A Melbourne Street performer has been slammed for an “extremely offensive” mural of a Ukrainian and Russian soldier in a tight embrace.
Artist Peter “CTO” Seaton’s controversial work “Peace Before Pieces” quickly garnered attention after it was unveiled in the south of the city last week.
The artist has been inundated with criticism from the local Ukrainian community, who say the mural undermines the brutality of Russiainvasion of their homeland.
A Melbourne street performer was slammed for a “highly offensive” mural of a Ukrainian and Russian soldier in a tight embrace (pictured).
Outraged social media users took to Twitter to join the pile after Ukraine’s Ambassador to Australia Vasyl Myroshnychenko condemned the artwork (pictured).
Outraged social media users took to Twitter to join the pile after Ukraine’s Ambassador to Australia Vasyl Myroshnychenko condemned the artwork.
“A recently unveiled mural depicting an RU and UA soldier embracing is extremely offensive to all Ukrainians,” the ambassador tweeted on Saturday night.
“The painter is unaware of the RU invasion of Ukraine and it is disappointing that this has happened without consulting the Ukrainian community in Melbourne.”
Mr Myroshnychenko said the mural created “a sense of false equality between the victim and the attacker” and called for it to be removed immediately.
Mr Seaton uploaded an Instagram video on Sunday in which he apologized to the Ukrainian people and said his intention was to promote peace
Art 4 Ukraine Australia said in a statement that it warned the artist at the consultation stage that the mural would be offensive to Ukrainians.
The group said Mr Seaton decided to proceed with the artwork despite his “reasonable reasons” and asked the artist on Sunday to remove the Russian and Ukrainian flags to instead depict “an image that supports peace worldwide”.
In response, the artist said he received initial positive feedback, but over time he had been warned that the artwork could be perceived negatively.
“I had to stand behind a message of peace, that’s always what I’m about,” he said.
Mr Seaton uploaded an Instagram video on Sunday in which he apologized to the Ukrainian people and said his intention was to promote peace.
Thanking people for their “interest” in his work, he said he was trying to get the message across that humans are fundamentally a united group.
“This work is not intended to excuse the aggression that the Russians have continued and their terrible crimes against humanity,” he said.
He said it hurt him on a “deep, spiritual level” that war was the answer to the conflict between Ukraine and Russia, and said it had no place in 2022.

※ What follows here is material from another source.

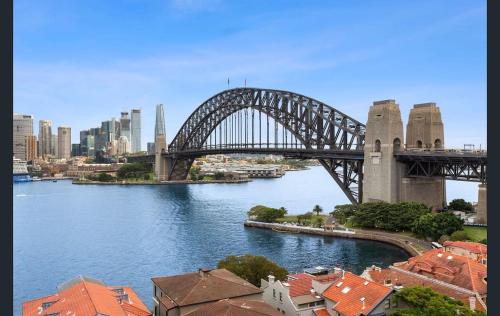 a bridge over a river with a city at Stunning Harbour Bridge Views Apartment in Sydney
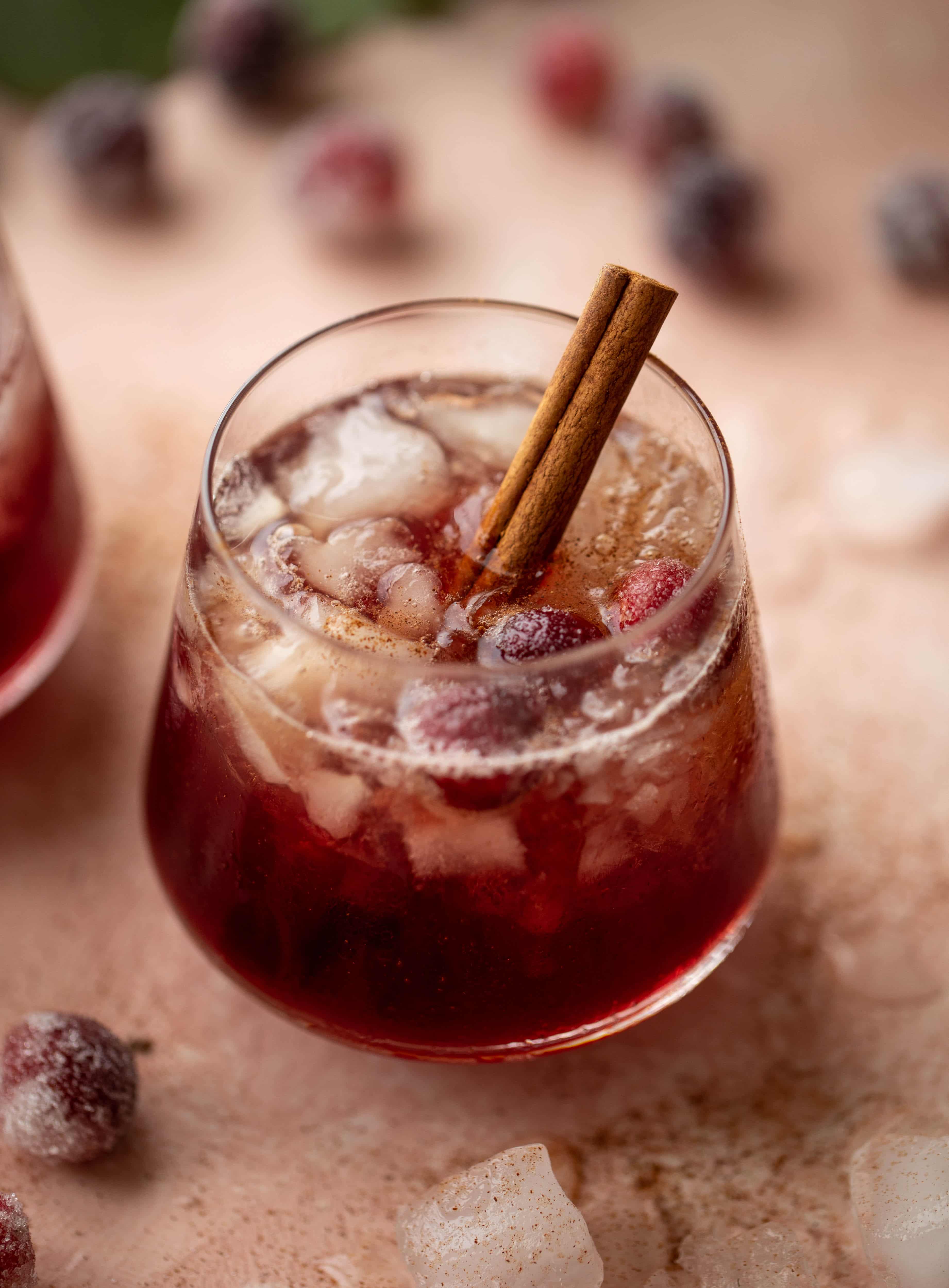 This cranberry cobbler smash is perfect for the holiday season! Bourbon, cinnamon simple syrup and cranberry juice - it's spiced and warming and wonderful.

“I have no connection with any Russian people, media or anything,” he said.
Mr Seaton (pictured) sells 12 NFTs (non-fungible token tokens) of the artwork, which is bombed and then consumed by a mushroom cloud
“I’m just someone who might have some crazy, idealized, spiritual ideas about the oneness of human beings and that we are all one.
‘If you want to hate me for it, hate me for it, but I’ll die on my grave if I don’t budge from that ideal.’
Mr. Seaton sells 12 NFTs (non-fungible token tokens) of the hugging soldiers artwork, with the online version bombarded and then consumed by a mushroom cloud.
The artworks, which include audio from a US nuclear bomb test, can be purchased for 0.08 Ethereum cryptocurrency, or about $124.
He said the artwork was originally going to be painted over when the 12 NFTs were sold, with the proceeds going to the World Beyond War organization.
However, social media users have called for the immediate removal of the mural.
“You could have made art to literally show peace in a different way, but you chose to do something that offends millions,” one wrote.
“This is really appalling. shameful. Unbelievable,’ said a second.
“I get sick just looking at it. This is so incredibly insulting. Wake up Australia!’ a third tweeted.
Chinese-Australian artist Badiucao altered the artwork to instead depict the Russian soldier ‘stabbing back’ the Ukrainian soldier with a blood-soaked knife.
“Here I affix the shameful and offensive mural in Melbourne that shows the true colors of Russia’s brutality and war crimes of its invasion of Ukraine,” he wrote.